I am not entirely certain about your question but I think, it basically boils down to this equation

$$M = I \alpha $$

where:

• M is the torque applied
• I is the mass moment inertia of all rotating masses
• $\alpha$ is the angular acceleration $(\frac{d \omega}{dt})$

In another form this is written as:

$$\Delta M = I \frac{d \omega}{dt}$$

I.e. the turbine has a load which can be translated to a torque $M_{turb}$ which is resisting motion. The generator is producing $M_{gen}$.

If:

• $M_{gen}>M_{turb} \rightarrow M_{gen}-M_{turb}=\Delta M>0$ then the system accelerates
• $M_{gen}=M_{turb} \rightarrow M_{gen}-M_{turb}=\Delta M=0$ then the system does not change its kinetic state.
• $M_{gen}<M_{turb} \rightarrow M_{gen}-M_{turb}=\Delta M<0$ then the system decelerates

Answer 2

The generator start-up torque demand is the sum of the load on it, if any, its angular momentum, frictions in bearings, cogging of magnets. etc.

When a torque by the turbine is applied to the The generator starts to accelerate until the RPM of the generator is at the systems design RPM. At design RPPM the generator power is $P= 2πNT/60$

• N is rpm
• T= torque in Nm
• P =power in watts

So the torque of the shaft initially goes to accelerate the generator and later to have it produce power turning at a constant speed, $\omega$.

At all times the torque at the two ends of the shaft is equal and opposite.

Edit

After OP's comment

Shaft unbalanced torque is a major subject in power generation plants.

At the most basic level, one can compare it to SDF torsional vibration.
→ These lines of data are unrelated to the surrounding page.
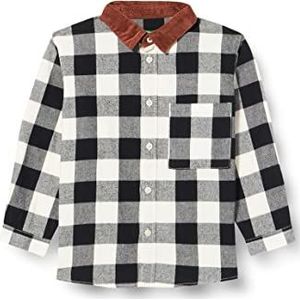 United Colors of Benetton jongens overhemd, 950 Quadri Bianco E Nero, 6 Maanden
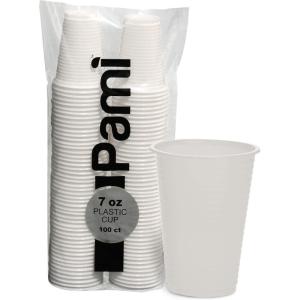 PAMI Colorful 7oz Plastic Party Cups [Pack of 100] – Disposable Drinking Glasses Bulk- BPA-Free Colored Cups For Iced Tea, Jello, Punch, Cocktails, Shots & Cold Drinks- Throw-Away Green Plastic Cups(White)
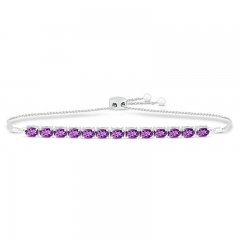 Amethyst Bolo Bracelet Sterling Silver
In reality, it is a continuous mass multi-node force function with tapering or stepping shaft diameter.

In the SDF form with damping the equation simplifies to

$$ I \frac{d^2\theta}{d^2t} +C\frac{d\theta}{dt} + k\theta = \tau(t)$$

At low damping ratios frequency of the system is very near the natural frequency

$f_n= \frac{1}{2\pi}\sqrt{\frac{k}{I}}$.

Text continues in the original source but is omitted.